DEVLET(İN) HUKUK(SUZLUĞ)U

 

Bunların böyle olması Ali Akay’ın, “Polisiye baskı pratiklerinin ışığındaki gördüklerimiz hukuksuzluğun bir göstergesi olarak nereden gelmekte? Bu gücü nasıl işletebilmekte?” sorusu eşliğinde devletin keyfi hukuk(suzluk)unu devreye sokuyordu…

Mesela Başbakan Erdoğan’ın 13 Haziran 2013’de Gezi eylemleriyle ilgili olarak “Biz yürütme olarak gereğini yapacağız. Yargıdan da üzerine düşeni yapmasını bekliyorum” açıklamasının ardından “yargı da gereğini yapmaya” başlaması gibi…

Ankara ve İstanbul’da şafak vakti evlere düzenlenen operasyonla çok sayıda kişi gözaltına alındı. Ankara’da şüpheliler için aramalarda polise 72 saat süre verildi.
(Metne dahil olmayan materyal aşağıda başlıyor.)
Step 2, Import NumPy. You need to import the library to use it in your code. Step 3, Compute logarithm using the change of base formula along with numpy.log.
Ankara Emniyeti Terörle Mücadele Şube Müdürlüğü’ne gönderilen şüpheliler için mahkemeden 24 saat avukatlarıyla görüştürülmeme kararı alındı. Yani “Yargı gereğini yaptı”, İstanbul’da 64, Ankara’da 26 kişi gözaltına alındı. Polis pilates bandına bile el koydu![34]

İş bununla da sınırlı kalmadı… Eski savcı ve Adalet Akademisi görevlisi Mehmet Yücesoy “Gezi Parkı göstericilerine TCK 312’den yani ‘Cebir ve şiddet kullanarak hükümeti ortadan kaldırma ve görev yapmasını engelleme’ suçundan iddianame hazırlanmayışına” üzüldüğünü açıkladı. Kendisi olsa bunu yaparmış. Bu maddeye verilecek ceza “müebbet hapis”ti! Ve bu şahıs “adaleti” öğretiyordu, varın gerisini siz düşünün!
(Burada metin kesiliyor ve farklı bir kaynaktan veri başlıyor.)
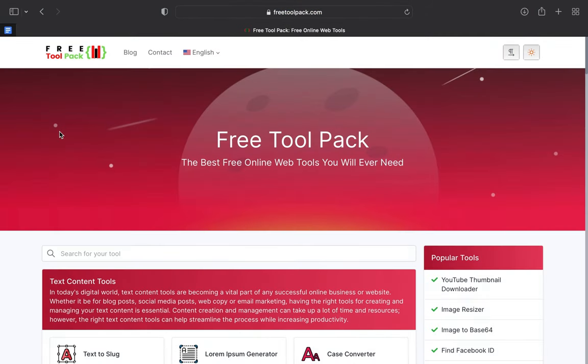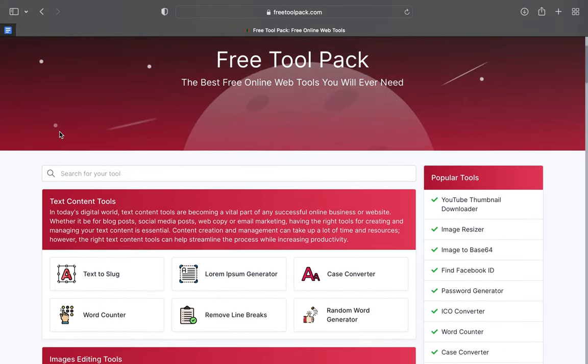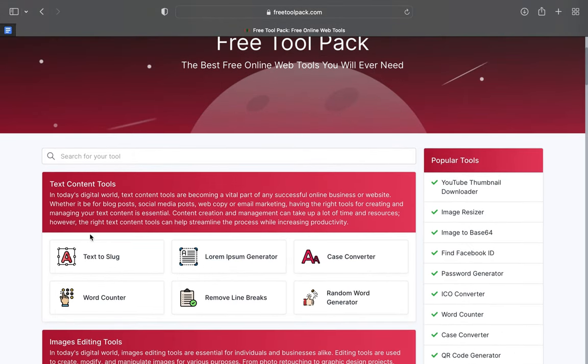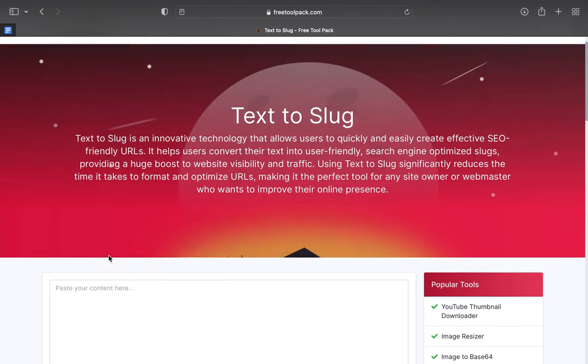Here you select the text to slug conversion, and then you type or copy-paste what you want as a slug.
Yalnız bunlar mı? İşte birkaç çarpıcı örnek!

i) “Ankara’da Halkevi kadın sekreteri Dilşat Aktaş’ı yaralayarak sol bacağının kısalmasına neden olan polis memurları, olayın ardından 2 yıl 4 ay geçmesine karşın yargı önüne çıkarılmadı”…[35]

ii) Ankara Barosu, Dikmen’deki gösteriler sırasında 25 yaşındaki Eylem K’nin polis tarafından Akrep içinde taciz edilmesi ile 12 yaşındaki bir çocuğun gözaltına alınması olaylarına ilişkin savcılığa suç duyurusunda bulundu…[36]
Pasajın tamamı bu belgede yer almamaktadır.